Likewise, increased store traffic from a year ago didn’t translate to higher ticket items, forcing the painful realization that consumers are waiting until retailers slash prices even more as Christmas approaches. As a result, merchants may find themselves in a tailspin reminiscent of 2008 — where they will be forced to make sometimes-absurd price cuts to move inventory off the floor.
Things weren’t all bad, however, as the ISCS reported discounters and wholesalers posted moderate growth as consumer continue to seek out bargains. Warehouse clubs Costco and BJ’s Wholesale continued to flex their muscles amidst a down economy, posting growth of 6.0% and 1.0%, respectively — but both were still below most analysts' forecasts. Costco missed expectations despite results that were boosted by higher fuel prices and strengthening foreign currencies.
Among sporting goods stores, many merchants said its tough to figure out how the holiday will turn out since unseasonably weather clearly played a role in disappointing sales of cold-weather gear.

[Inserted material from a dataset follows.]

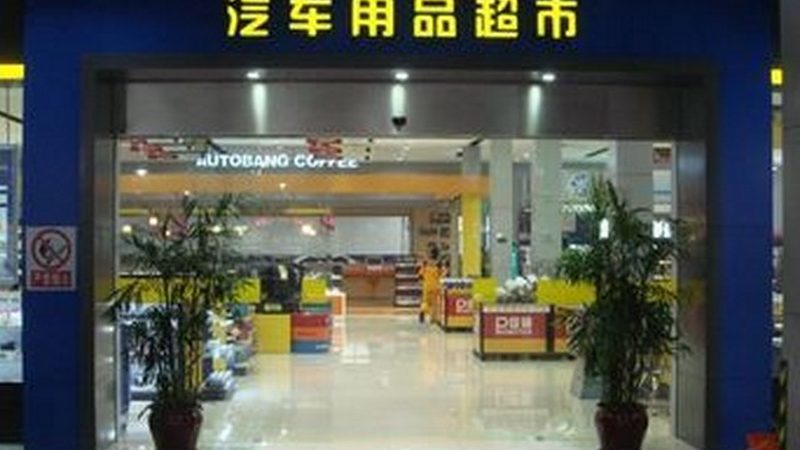 汽车保养，自己动手也能行**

“Weather has not been favorable so sales have been soft in all the cold weather areas,” said one head buyer at a full-line sporting goods chain in a conversation with Sports Executive Weekly. This was offset by a good recovery in fitness sales and continued strong sales in the hunting areas. Although the increases are less then the strong comps in hunting last year, these areas continue to provide positive comps.”
Although the buyer said Black Friday has never been a good indicator of sales trends for the Holiday season, his chain performed well over Black Friday weekend. “Our sales were up for Friday and the weekend which we view as positive since customers continued to shop after the big value day,” said the buyer.
But that merchant said that it appears the holiday season will greatly depend on the amount of cold weather and snow in the markets where his stores are located. “If we get similar to last year December, we will be up low- to mid-single digits. If not, flat to down 2%,” the buyer said.
Alan Blume, owner of Vertical Drop Ski and Snowboard in St. Charles, IL, admits the warm weather has been crippling his business.
“We are very weather-driven in the Ohio River Valley and to-date our temperatures have been well above normal,” said Blume. “I'm not sure we can make up our double-digit losses in November. I look for very soft consumer Holiday season spending. Let it snow, let it snow, let it snow!”
But some were at least optimistic about their start to the holiday selling period.
“We were very pleased with our Black Friday business,” said Ed Rix, vice president of advertising at MC Sports, based on Grand Rapids, MI. “We exceeded our expectations and were encouraged by improvement in our fitness business. Customers were definitely shopping the deals, but we expected that and we planned accordingly.”
He also believes customers continue to be “deal driven;” they are definitely buying when the value is there. “Our merchants worked hard to bring our customers some incredible deals in just about every category and it's paying off so far,” said Rix. Like the other retailers, however, he said the holiday's success will greatly depend on the weather.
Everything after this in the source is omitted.